Он нанимал такси, и она старалась не думать о том дне, когда она вот так, после пьяного и сытного завтрака в ресторане, вышла с человеком, другим, не Руффи, – на Руффи она бы тогда не посмотрела, – вышла садиться в огромную синюю машину, которая за три дня до этого стала ее собственностью. «Я – к рулю, – сказал она, – а ты рядом», и боже мой, как она взглянула на него! «Ты – рядом, а я к рулю», – сказал он и открыв дверцу, усадил ее, и она спьяну не спорила, но даже обрадовалась тому, что рука у него такая сильная и голос уверенный. Это-то она в нем и любила.

Она только успела подумать, что день чудный, что ветер быстр, и что теперь, после автомобиля, дело идет к изумрудному кольцу, а может быть и к загородному дому. Потом она перестала думать и стала смотреть перед собой. Город кончился, потянулись сады, потом сады кончились, начались поля, перелески, дачи. Они мчались с безотчетной скоростью, и дорога просто сыпалась им под колеса. И вдруг – толчок, от которого можно было вылететь из нашей орбиты, толчок, оглушение, звон стекла, автомобиль лежит четырьмя, еще спешащими куда-то, колесами кверху, дымится пыль, а внутри все тихо: из разбитых черепов бежит кровь.

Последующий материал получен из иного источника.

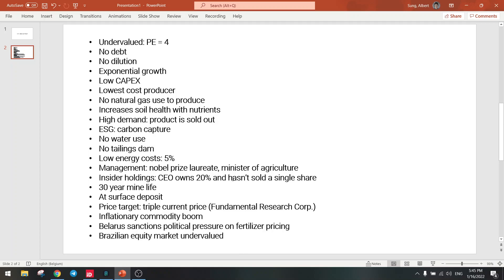Insider holdings are also strong. The CEO owns 20% and hasn't sold a single share, so the CEO will benefit directly if the share price goes up. He won't want to dilute himself or see the stock price go down, because he owns 20% of the company. Huge insider holdings — also a positive.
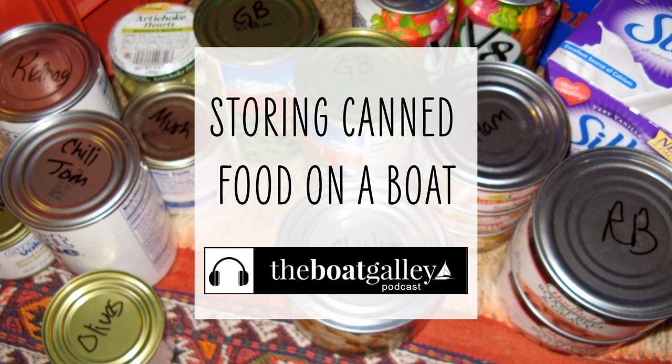For cans stored in lockers accessible from the top, it's a good idea to label the tops of the cans. That way, you don't have to pull out every can just to see what it is. Be sure to use a permanent marker, though, so that the ink doesn't run. And labeling the top is also a good idea if there is any chance, however remote, of the cans getting wet or damp and the labels coming off. Guessing at canned contents can make some very interesting meals. In the show notes, you'll see my recommendations on bins, padding, and other items mentioned here.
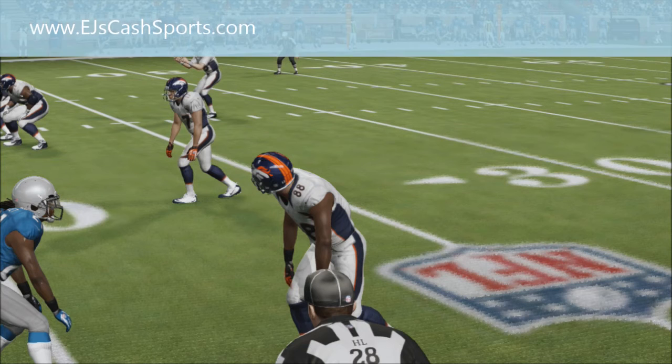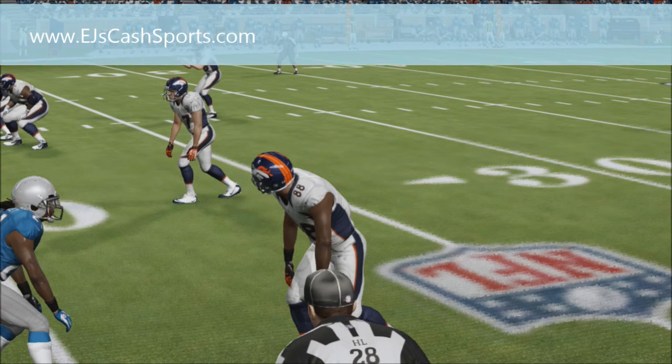Hey, how you guys doing? It's your boy EJ from EJsCashports.com and I got a great video for you. This is where — well, may be the greatest catch I've ever seen. It might be the best you've ever seen also. And I'm sure you've heard that before, so let me get to showing you.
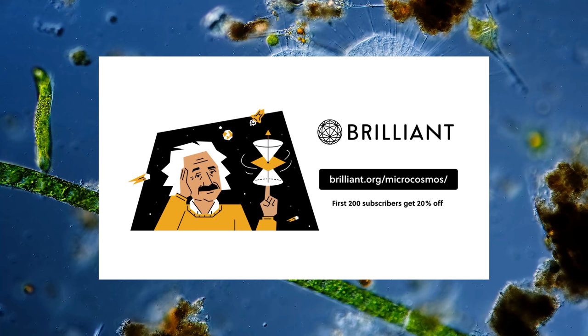Thanks to Brilliant for supporting this episode of Journey to the Microcosmos. Go to brilliant.org/microcosmos to learn how you can take your STEM skills to the next level.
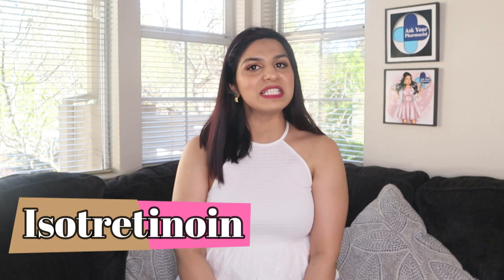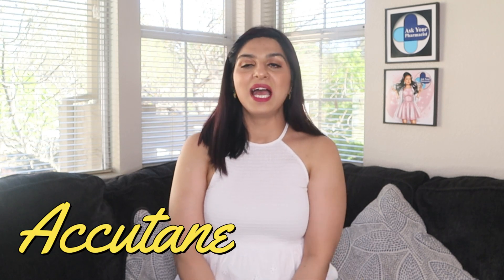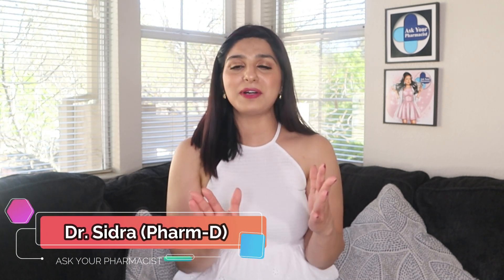In this video, I'm going to talk about isotretinoin, which was previously known as Accutane. This is the medication used to treat severe or nodular acne that doesn't improve with any other treatment. I'm your pharmacist, Sidra, your medication expert. In this video, I'm going to talk about isotretinoin — all the uses, side effects, interactions, and much more.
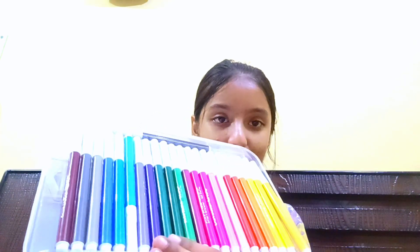The final item for today — I'm going to do a lot more stationery hauls so I haven't included everything in this video. Here I have 24 shades of sketch pens, and you can see there are many different shades of colors.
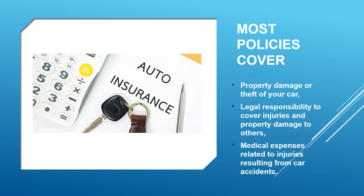Most policies cover three things: property damage or the theft of the vehicle, legal responsibility to cover injuries and property damage to others, and medical expenses related to injuries resulting from car accidents.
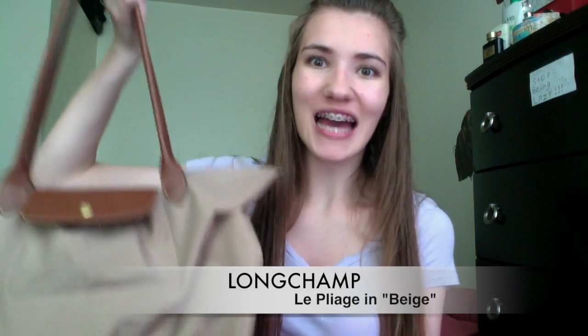So the bag I have is the Longchamp Le Pliage bag — I'm probably saying that wrong — and it is in the color beige. It is the large bag with the long straps. I absolutely love this bag. A lot of people had it before I did, but I had to jump on the bandwagon and I just love it.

Когда выбежал первый свидетель, старик, собственник дачи, стоявшей у дороги в цепком окружении отцветающего шиповника, когда он выбежал, там, внутри, придавленный рулем и подушками, мужчина был мертв, а женщина с переломанными ногами и сорванными волосами была так окровавлена, что заглянув в оконную дыру, в выбитое стекло, старик закричал, зовя на помощь. Как долго возились с ними, с автомобилем, с погибшими людьми?..

В такси было холодно, потому что Руффи велел открыть верх. Он сидел развалясь, слегка боком, время от времени сдвигая в сторону стекло, отделявшее седоков от шофера, и делая замечания, касательно каких-то петель и крючков, которые тот делал. Когда машина остановилась, Руффи заплатил, отсчитал двадцать сантимов на чай и, выпятив грудь, повел Гиту под руку в магазин, вертясь и приседая, заломив котелок.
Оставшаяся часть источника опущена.